Beyond the Column

Larry's LaRue-minations

Man vs. bull – to a draw? Another journalism fable

Post by Larry Larue / The News Tribune on June 20, 2013 at 8:35 am with No Comments »
June 20, 2013 10:04 am
Um, toro! Toro!
Um, toro! Toro!

The same man who got me bitten by a ‘harmless’ coati also assigned me to participate in a Baja, Mexico bull-fighting class.

It’s possible he didn’t like me.

It was back in the Long Beach Press-Telegram days, when I’d been moved from covering hard news to producing features, and editor Terry Sattoria’s assignments always seemed to end in my humiliation.

It’s possible he didn’t like me.

Anyway, a photographer and I made the drive across the Mexcian border and arrived at a bull ring. In the next hour or so, students were shown cape work, from  how to slip the sword into the cape to how to stand as a bull passed.

Yes, we faced off against a man charging us with bull horns. A matador riles the bull with the cape, then sweeps it away from the horns as it passes by – the matadors feet close together so he can pivot. And the good ones bring the horns – eek! – as close to their bodies as possible.
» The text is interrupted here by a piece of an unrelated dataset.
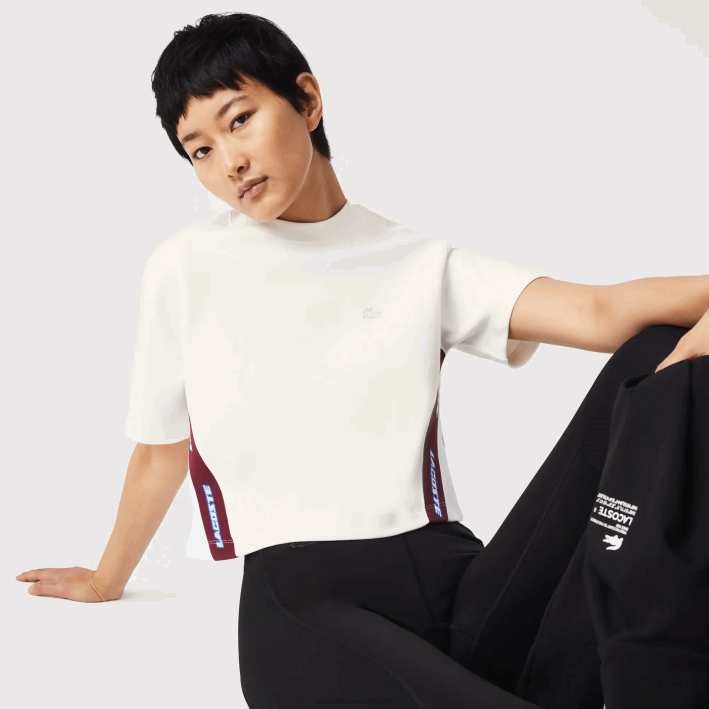 mujer Lacoste 6F242547 blanco 70v camiseta holgada con bandas estampadas mujer Lacoste 6F242547 blanco 70v camiseta holgada con bandas estampadas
Once we’d faced the man with the horns, students were given an option. They could call it a day or face a bull. No, not the rhino-sized beasts saved for Sundays in the bullring, but smaller fellows. Being nothing if not muy macho, I volunteered to face the bull.
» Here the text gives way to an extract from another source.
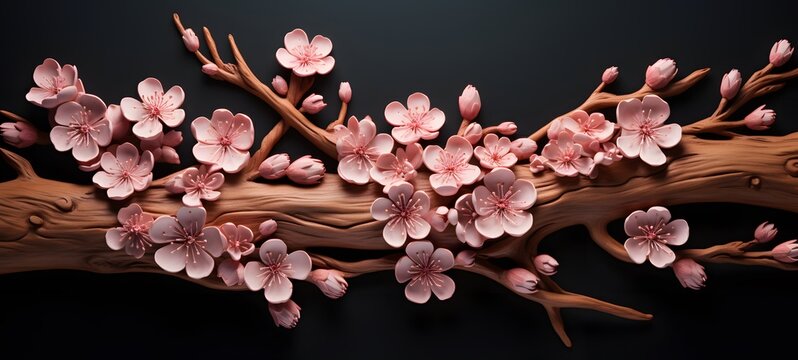 Cherry blossoms shaped matchstick carving ,generative AI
I was wearing a ‘Journalists Do It Daily’ t-shirt, and when the bull entered the ring, he seemed to read it. It may have confused him, for he stared at it a long time. He was, as bulls go, a bit scrawny, but he made up for it with high energy and … real horns.

I went over everything I’d been taught about form as the bull paced, and found no comfort in it. The idea with the bull was to make a handful of passes to get the feel. I wasn’t going to kill him, and I wanted to somehow convey that message.
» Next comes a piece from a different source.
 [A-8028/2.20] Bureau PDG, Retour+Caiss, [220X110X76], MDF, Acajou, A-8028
I held the cape as I had been taught, and when he trotted toward me I put my feet together, swept the cape away and up and heard the other students yell ‘O’lay!!’ It was exhilrating.

On his second charge, the skinny bull lowered his head as he came in – perhaps trying to read that t-shirt – and then hooked me, about knee high. When he raised his head, I was airborne. Then I was flat on my back in the bullring. No one was yelling praise to me. And the bull was waiting.

Jeans torn, leg bloodied, I stood. He didn’t so much charge as wander toward me, and when he arrived, my feet were together again. Form was perfect. Eyes tightly closed.

Nothing happened. I opened them again and realized the bull had stopped about a foot in front of me and was staring, whether in fascination or boredom, I could not tell.

Personally, I called it a draw. I’d had one good pass. He’d had a better one. On the third, we seemed to reach accord.  I don’t know why more bullfights aren’t settled this way.